At this point, different cameras can be evaluated to see if it is possible to achieve this. In order to keep costs minimal, it can be important to start with as small a resolution as possible. In today’s machine vision world, this is often 0.3MP, or VGA resolution (640x480). Looking at the aspect ratio of the sensor, it is exactly 4:3. However, the FOV that is needed is 1:1; this means that the small dimension of the sensor (480 pixels) will need to be used to correspond to the 35mm FOV, and the larger dimension will float and there will likely be some wasted pixels.

Because 480 pixels are going to be divided among 35mm of space, each pixel corresponds to 110µm in object space. This camera is certainly insufficient for this application, and it is required to have a resolution about 3X better. Running through the math again with a 1600x1200 sensor with 4.5µm pixels, each pixel now takes up 29µm, which is sufficient. But how does this correspond to image space with a camera and lens? At this point, the system needs to be linked to the magnification.

Since this 1600 x 1200 sensor has pixels that correspond to 4.5µm in size, the dimensions are 7.2mm x 5.4 mm. Using Equation 4 in Basic Lens Selection, the magnification required is 0.15X. It is now possible to use this magnification to determine which lens is needed, as well as what the imaging system needs to be able to achieve from a resolution point of view in order to properly image the barcode. Since a sensor has been chosen, Equation 3 from Basic Lens Selection can now be used to determine the focal length of the lens. Using Equation 3, the focal length required based on the 200mm working distance (WD) is 30mm. However, the magnification required (0.15X) can be achieved with a 25mm lens from 230mm away; in this example this is sufficient. Now a preliminary lens has been chosen, but can it work based on the resolution required?

The resolution required in object space is 5$ \small{ \tfrac{\text{lp}}{\text{mm}}} $. Converting this into image space by dividing by the magnification, 33$ \small{ \tfrac{\text{lp}}{\text{mm}}} $ is required in order to view the object properly. This number needs to be checked against two numbers: the Nyquist frequency of the sensor, and the modulation transfer function (MTF) of the lens that is being used. See Resolution for more information on the Nyquist frequency. Equation 1 describes the Nyquist frequency of a sensor as:

(1)$$ \xi _{\small{\text{Nyquist}}} = \frac{1}{2 \times s} $$

(1)

$$ \xi _{\small{\text{Nyquist}}} = \frac{1}{2 \times s} $$

Where s is the pixel size. Using Equation 1, a sensor with 4.5µm pixels has a Nyquist frequency of 111$ \small{ \tfrac{\text{lp}}{\text{mm}}} $. Because this is larger than the required 33$ \small{ \tfrac{\text{lp}}{\text{mm}}} $, this camera is a good choice. The astute reader may note that this will link back to the fact that we have three pixels covering our feature, and we are unsurprisingly at about 3X below the Nyquist frequency. This math was included here for completeness.

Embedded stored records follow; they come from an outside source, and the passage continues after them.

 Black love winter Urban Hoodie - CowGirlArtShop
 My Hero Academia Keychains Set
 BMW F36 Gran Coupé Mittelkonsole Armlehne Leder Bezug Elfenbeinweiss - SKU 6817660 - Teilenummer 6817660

The MTF curve for a 25mm C Series Fixed Focal Length Lens from a WD of 166mm can be found in Figure 2 (for more information on how to read an MTF curve, see The Modulation Transfer Function). Looking at the curve, it can be seen that the 25mm lens achieves about 83% contrast at 33$ \small{ \tfrac{\text{lp}}{\text{mm}}} $, which is more than sufficient to image it well.

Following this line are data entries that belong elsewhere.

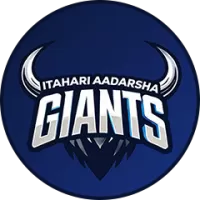 Itahari Adarsha Giants Team Flag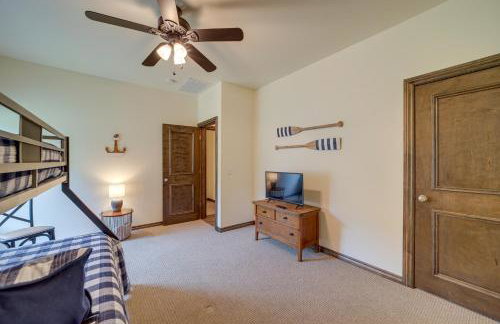 Cozy Checotah Retreat with Deck Near Eufaula Lake - Foto 22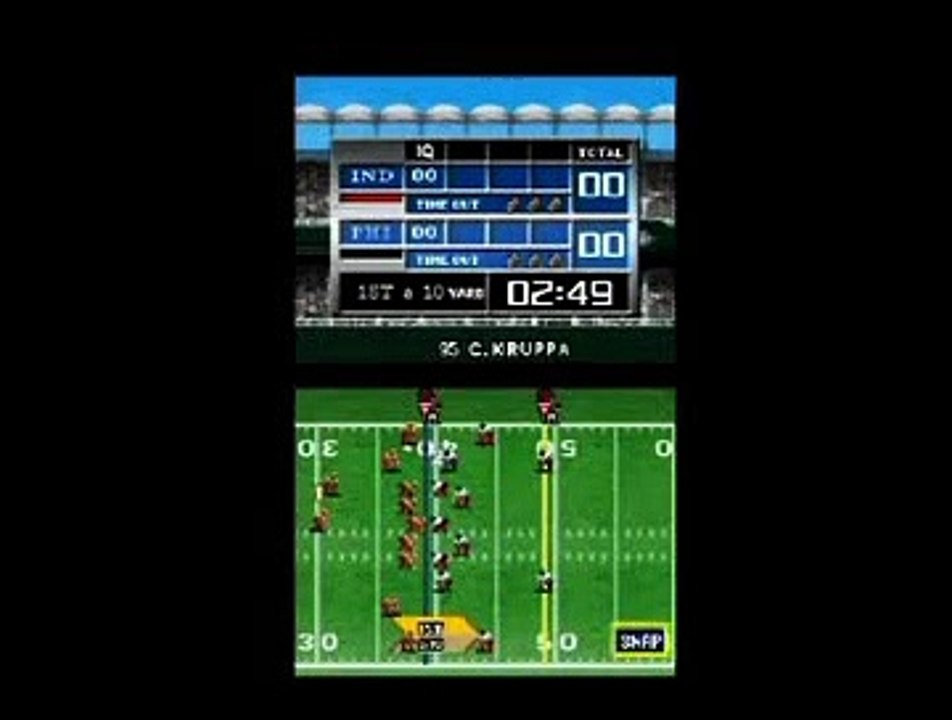 Tecmo Bowl: Kickoff - Jugabilidad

Figure 2: MTF curve of a 25mm C Series fixed focal length lens that achieves a more than sufficient resolution for this example.

As a general rule of thumb, a minimum contrast value that is required for an imaging lens to properly resolve an object is 20%, meaning that this lens has more than enough resolution to see this barcode sufficiently.

This is just the tip of the iceberg when selecting a lens for a given application. MTF is affected by several factors (explained in detail in MTF Curves and Lens Performance), and oftentimes it is not straightforward. The following section goes into detail on looking specifically at a lens and how well it matches to a camera.

The Changing Performance of a Lens

Lens suppliers are able to provide bespoke MTF curves based on how the lens is used. In the barcode example above, the MTF of the 25mm lens was referenced to determine if it had sufficient contrast reproduction for the barcode that it was imaging. Now, we will expand on this using a different example, but with the same lens, to show how things do not always work out as intended.

Figure 3 shows two different MTF curves of the same 25mm fixed focal length lens at the same WD (providing a magnification of 0.76X), but different f/#s and wavelength ranges. They hardly look like the same lens! The important takeaway is that just looking at MTF curves on specification sheets will not adequately explain the performance of a lens everywhere throughout its range, and specific curves are a necessity.

Figure 3: A high resolution 25mm lens’s MTF at different settings, reinforcing the importance of comparing the specific lens curves.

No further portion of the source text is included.